Atenção especial deve ser focada na dissecação cuidadosa do músculo EDL, uma vez que alongamentos extensos, beliscar ou espremer levarão à contração e morte consecutiva de miofibers. Além disso, é importante investigar aglomerados de MuSCs de pelo menos 20 myofibers diferentes por réplica por condição. Isso é necessário, uma vez que os números e propriedades do MuSC estão variando devido à existência de subpopulações musc. Ao investigar o efeito de um siRNA específico em MuSCs usando o método de cultura miofibra flutuante, uma comparação da condição com o siRNA de alvo ao controle não direcionado deve ser realizada dentro do mesmo rato e músculo. Isso é recomendado para evitar diferenças específicas do mouse que possam cobrir ou amplificar efeitos do siRNA. A eficiência do knockdown pode ser determinada por análises de imunofluorescência com anticorpos direcionados contra o gene alvo usando miofibers únicos com seus MuSCs adjacentes. Se isso não for uma opção, pode-se testar a eficiência de knockdown do siRNA em myoblasts primários seguidos de análises quantitativas de RT-PCR ou imunoblot. A eficiência do siRNA deve ser determinada antes de analisar o efeito do siRNA em MuSCs em miofibers únicos. O uso de um pool inteligente composto por 4 siRNAs diferentes versus um único aumenta a eficiência do knockdown, mas também aumenta o risco de segmentação inespecífica. Um siRNA não direcionado deve ser usado como controle. Para monitorar diretamente a eficiência da transfecção, pode-se usar um siRNA fluorescente rotulado não direcionado como realizado aqui. O ponto de tempo para transfecção com o siRNA é cerca de 4 horas após o isolamento, um ponto de tempo em que a lamina basal em torno dos MuSCs já é permeável para o siRNA. Se o efeito de um siRNA específico em MuSCs após 72 ou 96 h deve ser investigado, recomenda-se realizar uma segunda transfecção de siRNA após 24 h ou 48 h para manter uma alta eficiência de knockdown.

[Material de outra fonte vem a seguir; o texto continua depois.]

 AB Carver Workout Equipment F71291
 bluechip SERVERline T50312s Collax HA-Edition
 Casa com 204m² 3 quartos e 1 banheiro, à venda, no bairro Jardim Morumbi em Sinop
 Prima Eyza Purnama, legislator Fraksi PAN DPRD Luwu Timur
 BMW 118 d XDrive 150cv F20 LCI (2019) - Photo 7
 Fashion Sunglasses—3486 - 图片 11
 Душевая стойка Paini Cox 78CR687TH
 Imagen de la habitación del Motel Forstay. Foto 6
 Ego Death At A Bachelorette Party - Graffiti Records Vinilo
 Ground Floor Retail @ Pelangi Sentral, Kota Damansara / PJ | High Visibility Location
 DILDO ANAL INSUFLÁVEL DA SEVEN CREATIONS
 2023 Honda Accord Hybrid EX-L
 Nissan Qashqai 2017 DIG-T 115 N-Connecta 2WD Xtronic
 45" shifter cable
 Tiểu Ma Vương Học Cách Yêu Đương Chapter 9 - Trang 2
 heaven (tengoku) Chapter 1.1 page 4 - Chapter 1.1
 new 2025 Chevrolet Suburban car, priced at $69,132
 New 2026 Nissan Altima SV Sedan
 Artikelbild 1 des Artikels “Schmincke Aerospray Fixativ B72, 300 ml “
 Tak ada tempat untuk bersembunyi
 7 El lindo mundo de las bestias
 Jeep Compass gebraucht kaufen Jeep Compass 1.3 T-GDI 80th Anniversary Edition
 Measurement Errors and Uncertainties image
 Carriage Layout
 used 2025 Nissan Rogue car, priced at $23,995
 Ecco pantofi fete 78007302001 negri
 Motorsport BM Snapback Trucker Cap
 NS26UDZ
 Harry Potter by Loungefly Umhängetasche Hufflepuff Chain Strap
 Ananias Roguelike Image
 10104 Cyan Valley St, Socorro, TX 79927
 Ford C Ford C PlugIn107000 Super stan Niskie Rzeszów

O ensaio de cultura miofibra exibe diversas vantagens em comparação com a investigação de MuSCs com métodos convencionais de cultura celular. Os MuSCs permanecem ligados aos miofibers durante todo o processo de isolamento, preservando assim a interação crucial do MuSC com seu nicho19,23,24,25. A interação preservada dos MuSCs com a miofibra é um pré-requisito para estudar efeitos dependentes de nicho na funcionalidade musc, que não pode ser recapitulado em culturas míferas convencionais 2D. Por exemplo, durante o envelhecimento os MuSCs apresentam capacidade miogênica prejudicada, resultando em uma eficiência reduzida para regenerar tecido muscular após danos20,26. Esse prejuízo é, pelo menos, parcialmente atribuível a alterações no nicho musc, em especial mudanças na composição do ECM27,28. O protocolo de cultura miofibra permite o estudo e a interferência com essas mudanças de nicho aberrantes.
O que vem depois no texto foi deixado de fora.